Former All Blacks Andrew Mehrtens believes introducing timekeepers and shortening halves to 30 minutes of effective play could solve the issue of time-wasting in rugby.
His comments came in the wake of last week’s controversial ending to the Rugby Championship between Australia and New Zealand in Melbourne.
The Wallabies were left seething after French referee Mathieu Raynal sparked uproar controversially penalised fly-half Bernard Foley in the closing stages of the game, reversing a penalty he had initially awarded to the hosts.
Raynal pinged Foley for time-wasting as the Wallabies No10 was about to kick the ball into touch with 80 minutes on the clock and Australia leading 37-34 at Marvel Stadium.
The All Blacks were instead awarded a scrum five metres out and Jordie Barrett crossed in the corner for a 39-37 win to deny Australia the Bledisloe Cup.
Raynal’s decision was branded as ‘disgraceful’ and infuriated Australia, with coach Dave Rennie said he had ‘never seen a call like that, at any level’.
Wallabies skipper Nic White told the referee he had ‘cost them the Rugby Championship’, while Foley denied he was deliberately wasting time, insisting he could not hear the referee due to the noise inside the stadium.
And Mehrtens believes an overhaul of how time was monitored in rugby is long overdue, suggesting the sport should ensure the ball was effectively in play for the duration of each half.
The game clock stops in rugby for injuries and decisions referred to the television match official, but continues to run when the referee orders a scrum reset.

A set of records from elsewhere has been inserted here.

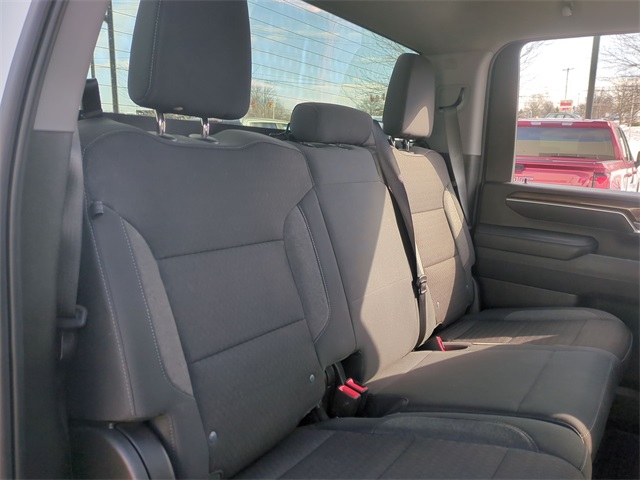 2025 Chevrolet Silverado 2500HD LT for sale at PATRIOT CHEVROLET OF LIMERICK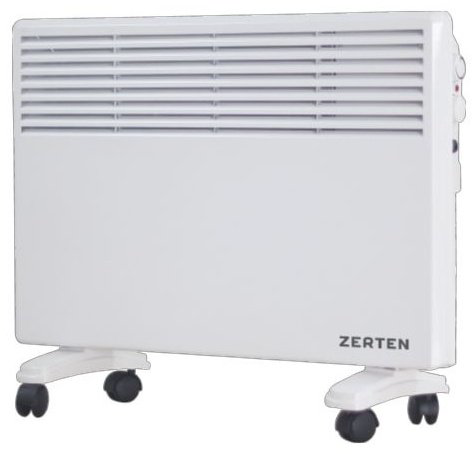 конвектор Zerten ZL-10 (D)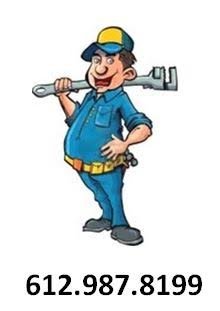 Twin City Drain Logo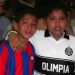 El superclásico del olvido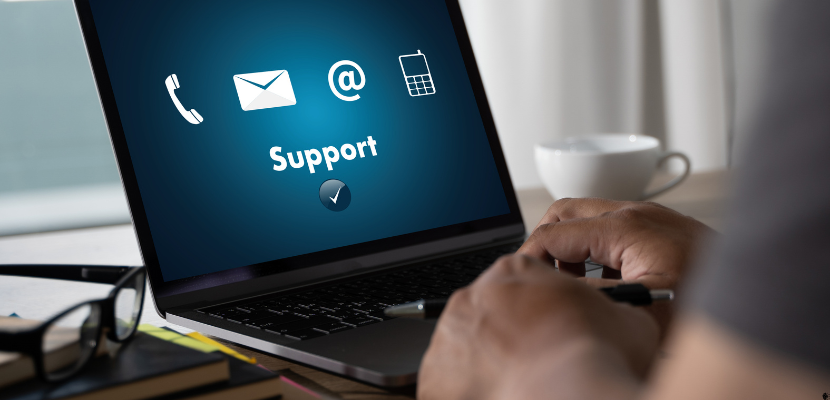 how to choose ai solutions for frontline support automation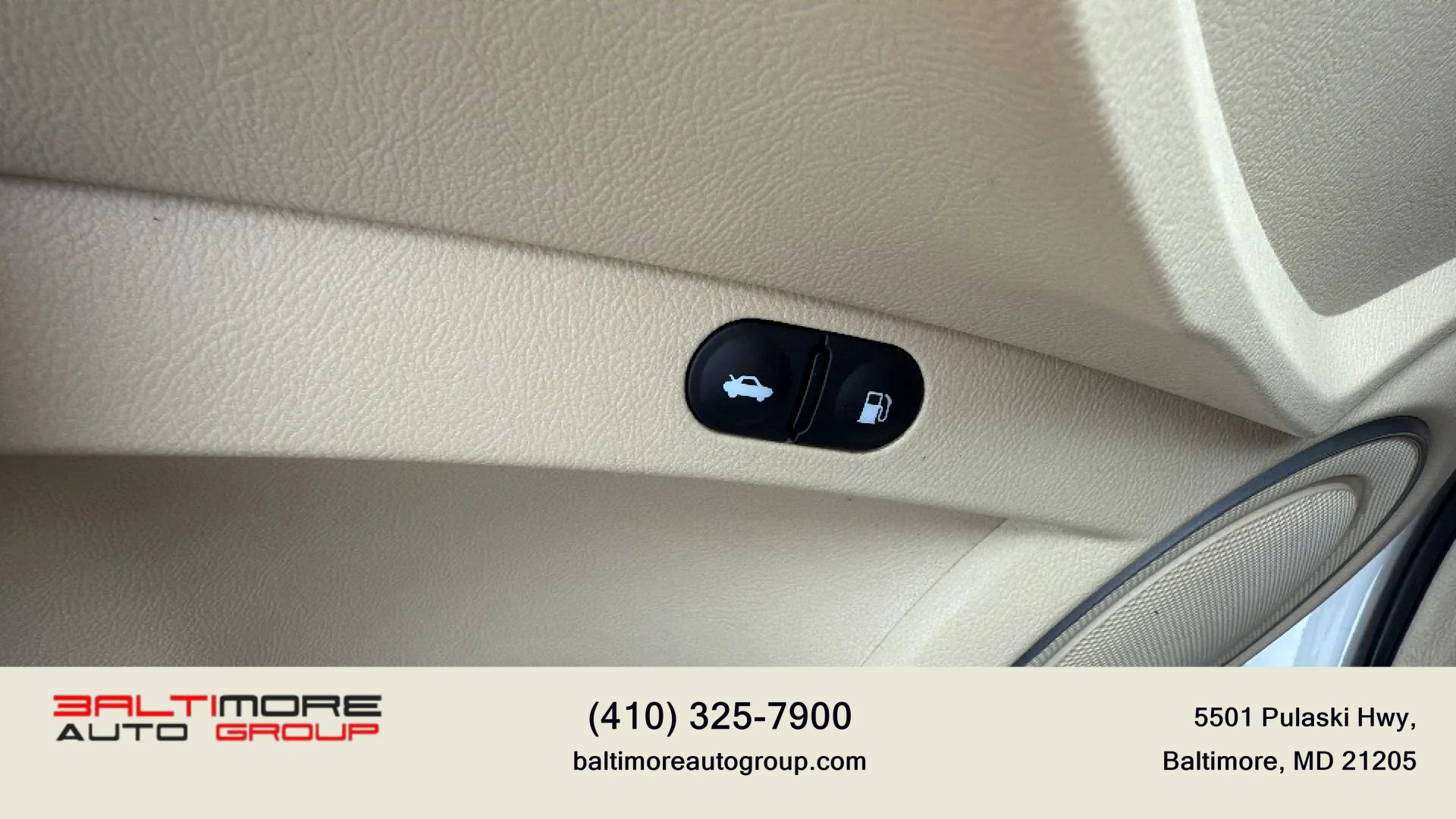 Used 2010 Acura TL Sedan 4D image 36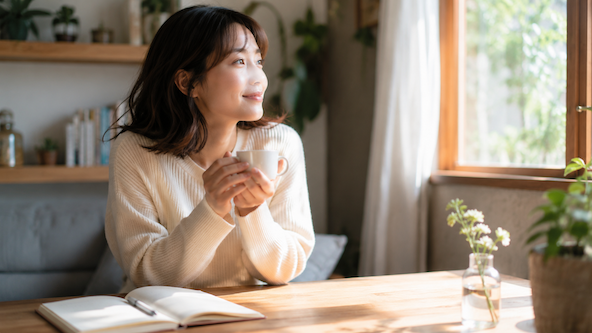 良い人をやめなくても、自分を大切にすることはできる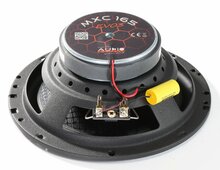 Audio System MXC165 EVO3 luidspreker set 16,5 cm 80 watts RMS 3 ohms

Conversely, AFL games, for example, last far longer than 80 minutes to ensure that the ball is effectively in play for 20 minutes in each of the four quarters.
‘If you start stopping the clock here and there the game is going to blow out to a much longer spectacle than we’ve currently got,’ Mehrtens told The Breakdown on Sky Sport New Zealand on Sunday night.
‘So make the halves 30 minutes each, and stop the clock every time there’s a scrum set. The professional timekeeper re-starts it when the ball is played at the back of the scrum.
‘If there’s a try, you stop the clock there and you don’t restart it until the kickoff’s taken.
‘If you bring it down to 30 minutes a half, you’ll still get effectively the same amount of time for people at the stadium and you’ll get a much higher proportion of the ball in play.’
The 49-year-old, who won 70 caps for the All Blacks during a stellar career, suggested rugby should take a leaf from other sports and implement official timekeepers.
‘Look at tennis. One of the ways that players can slow tennis down in between points, in particular at the service,’ he said.
‘Now they have got a countdown, I think they’ve got 30 seconds from the end of one point to getting the serve hit at the next point.
‘It’s taken out of the umpire’s hands. There’s a clock and you have to work to it. As a sport [rugby] could a little bit more professional about it.’
Meanwhile, Rugby Australia has written to World Rugby to formally complain about ‘overbearing officials’ in the wake of last week’s controversy.
Rugby Australia said their letter to the sport’s governing body was not specifically about Raynal’s decision, but more generally about ‘the state of the game today and the overbearing nature of rules and officials’.
‘It’s not unusual, we’ve been lobbying World Rugby for some time on this,’ a spokesman added.
The All Blacks and the Wallabies meet for the second Bledisloe Test in Auckland on Saturday, with the New Zealand needing a win to clinch the Rugby Championship.
New Zealand and South Africa lead the table with 14 points each, with the All Blacks on top with a 13-point better differential than the Springboks, who host Argentina in Durban later on Saturday.